So, massive doses of vitamin B, medication, meditation, and writing kept me from sinking into the sucking abyss. You can all go back to poking me with sticks without fear of my mental breakdown again. It’s something you can’t even explain, but I will try to – it’s like waking up one morning and you just don’t even care that you have no money, and no gas, and there’s nowhere in walking distance that you want to go, and the house is a mess, and you have a stack of bills, but that’s all okay, because you’re fine with just hanging out at home, and it isn’t even depressing. Like that giant safe that was dropped on your soul from forty stories above has been pushed off and you can breathe again, and think of sad things without having a sobbing meltdown. You eat things other than chocolate and ice cream. You don’t really care that you aren’t chasing every dream you ever had, you’re just happy that you don’t have to fight to get out of bed, that you are back to considering a future, and the physical feeling of drowning under the weight of your tears is gone. Boom. Like that. Even though I don’t have the power to turn my depression on and off like a switch, some times it comes and goes like someone else has the power to control it. It’s not like anything changed in my life to make it better, it’s just I woke up on a perfectly gloomy day, continued to do the same mundane things I always do, but suddenly, it wasn’t like physical torture anymore.

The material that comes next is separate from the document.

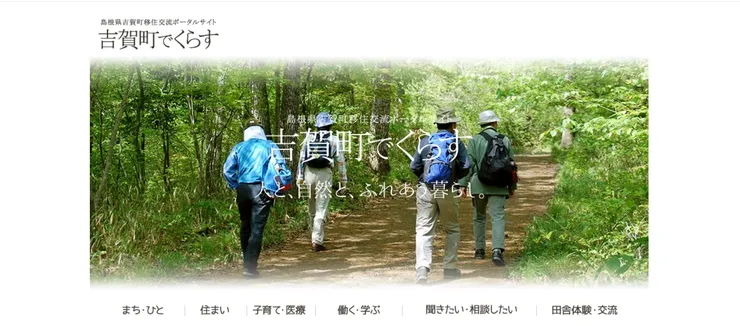圖片來源：吉賀町官網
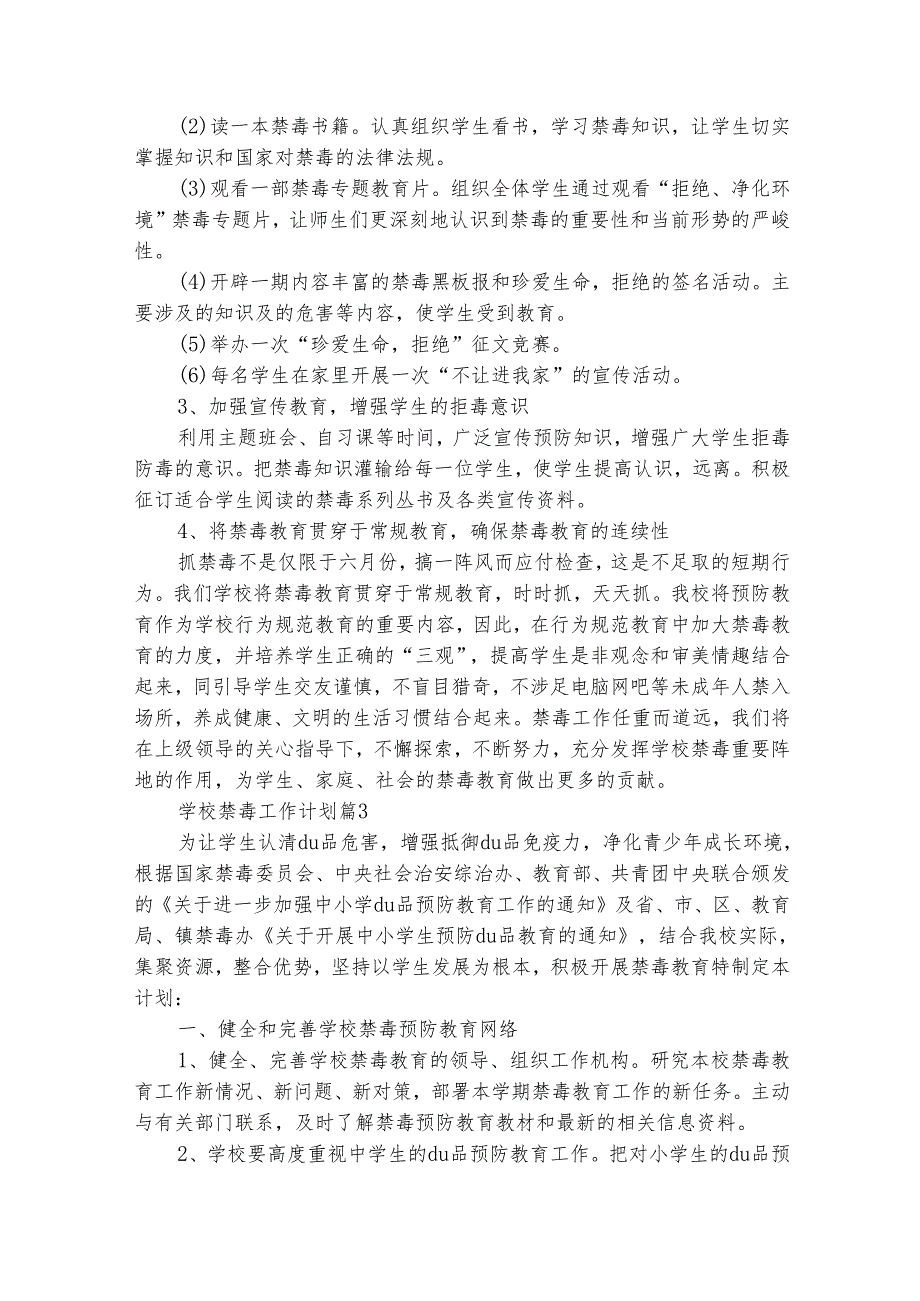 学校禁毒工作计划（精选25篇）.docx_第3页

And I am grateful for everyday it gets to stay this way.
This is a good thing because two year check up is in two weeks. I do believe my baby alien re-inflated itself after the last tortuous surgery, or at least that is what I am hoping. Actually, I’m not hoping that it did, I am just hoping that that is all that is wrong, because something is, and rather than whining about it, I’ve been just patiently waiting for the next day of probing to address it. It’s not like waiting a month would really make a big difference anyway, but I’ve got pain and weird sensations going on in ground zero and I know something is up. I’m pretty sure I’m still cancer-free, but I think that the poking around at the chrysalis in my former uterine cavity did little to eliminate the problem and was just a stop-gap, and at some point it’s gonna be either me, or a qualified surgeon, going in there with a knife and cutting that shit out. And if it is cancer, well, not much I can do about that except treat it – it’s not like it’s flesh eating bacteria or a bot-fly larva erupting from my skin. See? I come out of the darkness, and I’m all like, who gives a fuck? For the record, Vitamin B is nasty, but clearly works. Or I believe it works, and thus I prove the placebo effect valid once again.
Hopefully you are all breathing a sigh of relief at my return to normalcy. Normalcy is relative though, and I’m still pondering the secrets of the universe and scheming great schemes. Andy has agreed to go to Riot Fest with his mother, and I am buying his ticket for his birthday. The last time we went on vacation together was when he was five and we went to Disneyland for a week for his birthday – Riot Fest will be much like that trip, except, I won’t be charged with child abuse if I smack him in the head for being whiny. In other words, he will fall asleep in the car, whine about being hungry, complain about the music I am listening too, wander away and want to go in the opposite direction of wherever I want to go. And like when we went to Warped Tour to see AM! and Pennywise, he will spend all his money, and come looking for me only when he is covered in mud and has lost his shoes and is hungry. Mother and son bonding at its finest. If you want to join us, let me know – I will be staying in a hotel – he wants to stay in a tent – or the car – or on the ground – and as he will ditch me to see the bands he wants to see once inside the gate I will technically be alone. We’re driving because I love a good road trip. You can get tickets on layaway, which is the only reason we can afford it – because the universe has some sort of issue with me having a bank account with any sort of substantial balance in it (grasshopper).
Well friends, it’s almost time to make something for dinner. Maybe if you are lucky, I will make something amazing and you will be treated to pictures of it on FB. Have a great rest of the weekend, and Happy Father’s Day to all the wonderful dads out there, including my “son” Corey, and my dad, if he’s ever allowed to return from where he is being held hostage at my brother’s home (detention camp) in Maryland, and to all the moms out there who are filling in as dads. And the men who are like dads to the dad-less. Fight the power!